Collection entries
----------

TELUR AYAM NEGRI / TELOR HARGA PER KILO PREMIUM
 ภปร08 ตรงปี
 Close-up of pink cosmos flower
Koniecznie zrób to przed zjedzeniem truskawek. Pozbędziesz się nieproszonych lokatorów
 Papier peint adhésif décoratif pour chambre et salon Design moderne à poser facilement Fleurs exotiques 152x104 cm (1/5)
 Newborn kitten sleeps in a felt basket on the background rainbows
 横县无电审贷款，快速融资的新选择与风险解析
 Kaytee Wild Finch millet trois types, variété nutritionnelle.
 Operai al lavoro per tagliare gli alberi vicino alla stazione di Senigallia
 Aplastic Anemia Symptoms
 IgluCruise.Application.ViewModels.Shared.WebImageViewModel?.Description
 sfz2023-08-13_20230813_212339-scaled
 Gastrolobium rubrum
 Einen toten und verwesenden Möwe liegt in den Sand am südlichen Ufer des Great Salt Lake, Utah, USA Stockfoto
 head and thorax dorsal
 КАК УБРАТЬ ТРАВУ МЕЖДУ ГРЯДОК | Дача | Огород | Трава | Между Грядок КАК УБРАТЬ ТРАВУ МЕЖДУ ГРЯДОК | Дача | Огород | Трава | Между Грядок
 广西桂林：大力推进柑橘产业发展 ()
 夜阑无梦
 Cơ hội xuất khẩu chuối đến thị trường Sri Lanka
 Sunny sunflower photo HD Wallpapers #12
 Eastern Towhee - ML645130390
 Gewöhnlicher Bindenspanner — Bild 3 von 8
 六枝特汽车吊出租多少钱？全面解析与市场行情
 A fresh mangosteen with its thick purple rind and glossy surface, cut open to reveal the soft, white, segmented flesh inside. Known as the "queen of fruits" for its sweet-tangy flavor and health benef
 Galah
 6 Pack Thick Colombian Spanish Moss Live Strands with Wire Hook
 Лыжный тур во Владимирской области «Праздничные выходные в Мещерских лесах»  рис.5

----------

*Task prompt*. The data above is to be restated line for line, word for word.

*Answer area*.
TELUR AYAM NEGRI / TELOR HARGA PER KILO PREMIUM
 ภปร08 ตรงปี
 Close-up of pink cosmos flower
Koniecznie zrób to przed zjedzeniem truskawek. Pozbędziesz się nieproszonych lokatorów
 Papier peint adhésif décoratif pour chambre et salon Design moderne à poser facilement Fleurs exotiques 152x104 cm (1/5)
 Newborn kitten sleeps in a felt basket on the background rainbows
 横县无电审贷款，快速融资的新选择与风险解析
 Kaytee Wild Finch millet trois types, variété nutritionnelle.
 Operai al lavoro per tagliare gli alberi vicino alla stazione di Senigallia
 Aplastic Anemia Symptoms
 IgluCruise.Application.ViewModels.Shared.WebImageViewModel?.Description
 sfz2023-08-13_20230813_212339-scaled
 Gastrolobium rubrum
 Einen toten und verwesenden Möwe liegt in den Sand am südlichen Ufer des Great Salt Lake, Utah, USA Stockfoto
 head and thorax dorsal
 КАК УБРАТЬ ТРАВУ МЕЖДУ ГРЯДОК | Дача | Огород | Трава | Между Грядок КАК УБРАТЬ ТРАВУ МЕЖДУ ГРЯДОК | Дача | Огород | Трава | Между Грядок
 广西桂林：大力推进柑橘产业发展 ()
 夜阑无梦
 Cơ hội xuất khẩu chuối đến thị trường Sri Lanka
 Sunny sunflower photo HD Wallpapers #12
 Eastern Towhee - ML645130390
 Gewöhnlicher Bindenspanner — Bild 3 von 8
 六枝特汽车吊出租多少钱？全面解析与市场行情
 A fresh mangosteen with its thick purple rind and glossy surface, cut open to reveal the soft, white, segmented flesh inside. Known as the "queen of fruits" for its sweet-tangy flavor and health benef
 Galah
 6 Pack Thick Colombian Spanish Moss Live Strands with Wire Hook
 Лыжный тур во Владимирской области «Праздничные выходные в Мещерских лесах»  рис.5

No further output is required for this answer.